# Image-text web data
↓
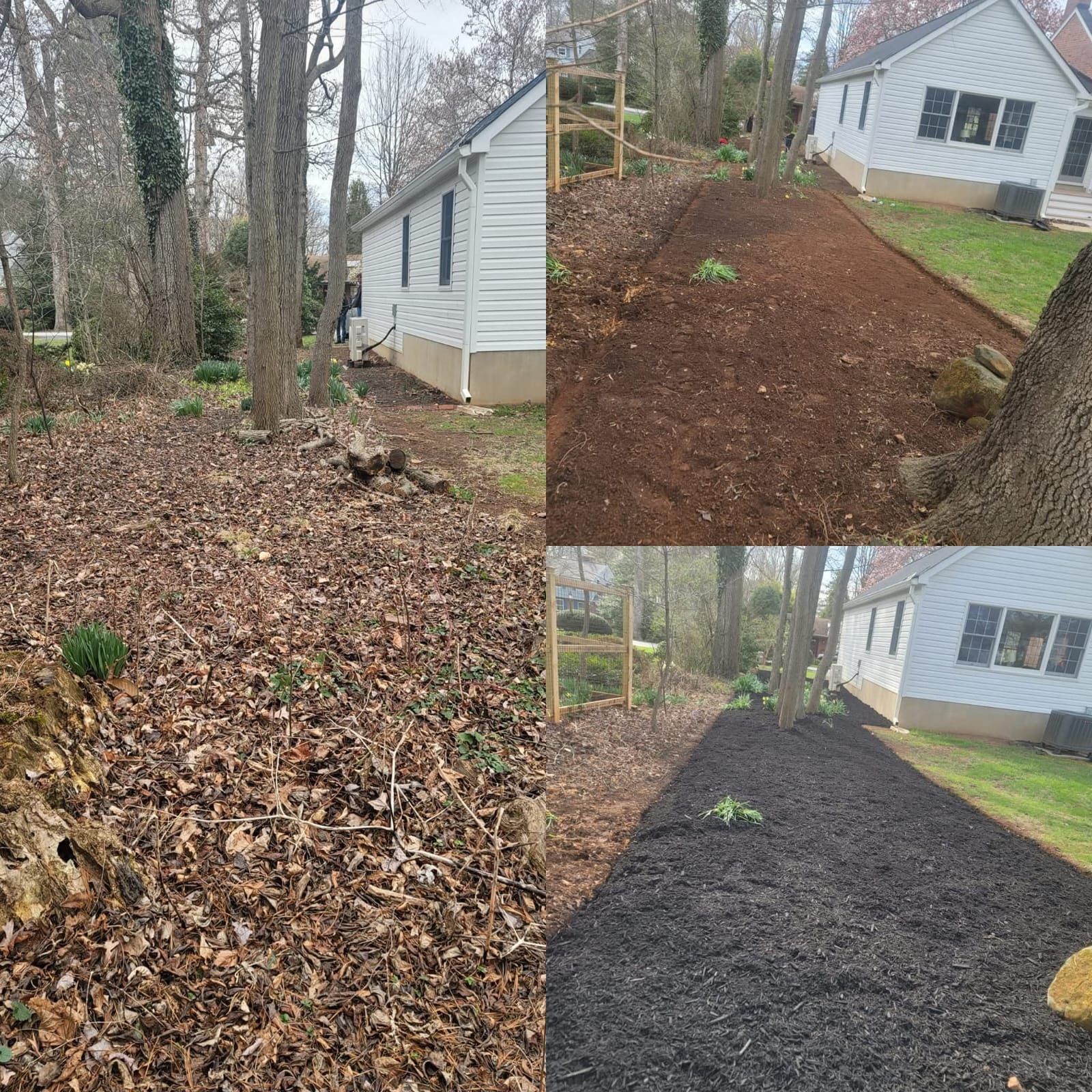 Before and after photos of a yard, showing leaves and unkempt area transformed.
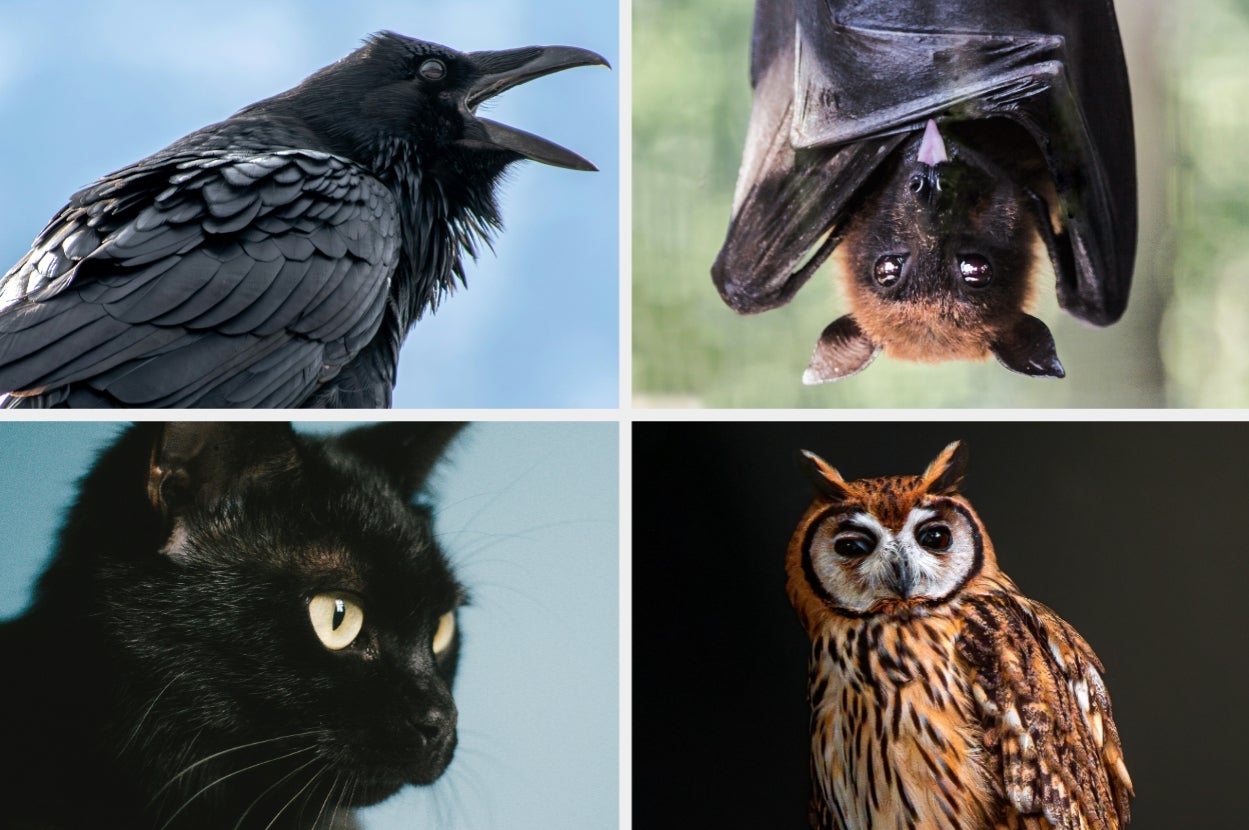 Raven calling, bat hanging upside down, black cat with yellow eyes, and owl looking ahead; all animals have distinctive features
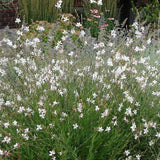Gaura Lindheimeri Short Form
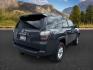 2024 GRAY /Black/Graphite Toyota 4Runner SR5 Premium (JTENU5JR3R6) with an 4L V-6 DOHC engine, AUTOMATIC transmission, located at 1235 N Woodruff Ave., Idaho Falls, 83401, (208) 523-1053, 43.507172, -112.000488 - Photo#7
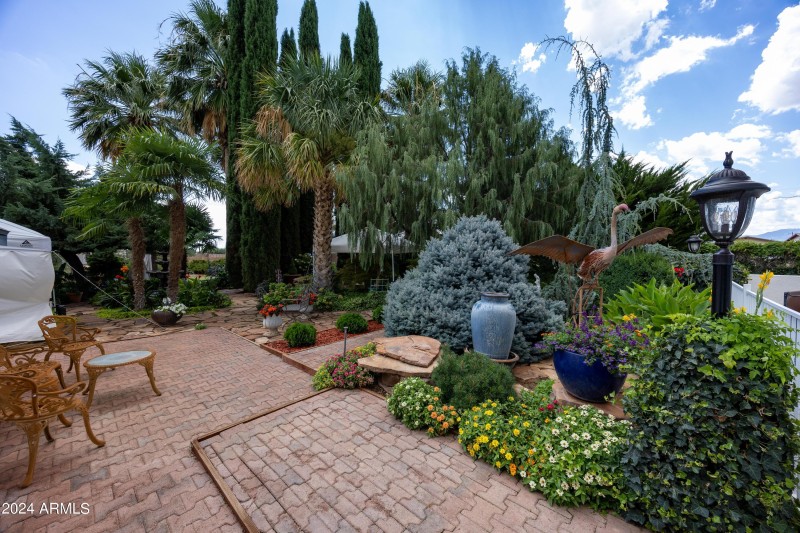 Backyard Gardens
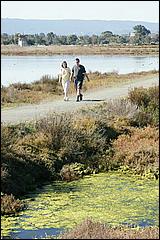 PaloAltoBaylands08-157b.jpg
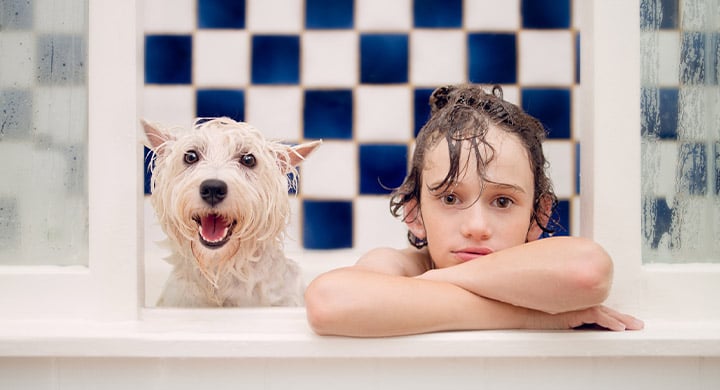 Boy with a Dog in the Bath - Toggle Renters Insurance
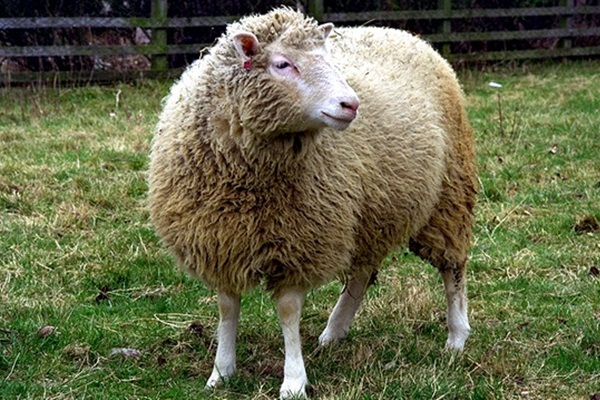 Klon koyun Dolly'nin ölüm nedeni belli oldu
↑
# Action item
The entries above, every one of them, should be retyped exactly, with no pictures carried over.

# Your solution
 Before and after photos of a yard, showing leaves and unkempt area transformed.
 Raven calling, bat hanging upside down, black cat with yellow eyes, and owl looking ahead; all animals have distinctive features
Gaura Lindheimeri Short Form
 2024 GRAY /Black/Graphite Toyota 4Runner SR5 Premium (JTENU5JR3R6) with an 4L V-6 DOHC engine, AUTOMATIC transmission, located at 1235 N Woodruff Ave., Idaho Falls, 83401, (208) 523-1053, 43.507172, -112.000488 - Photo#7
 Backyard Gardens
 PaloAltoBaylands08-157b.jpg
 Boy with a Dog in the Bath - Toggle Renters Insurance
 Klon koyun Dolly'nin ölüm nedeni belli oldu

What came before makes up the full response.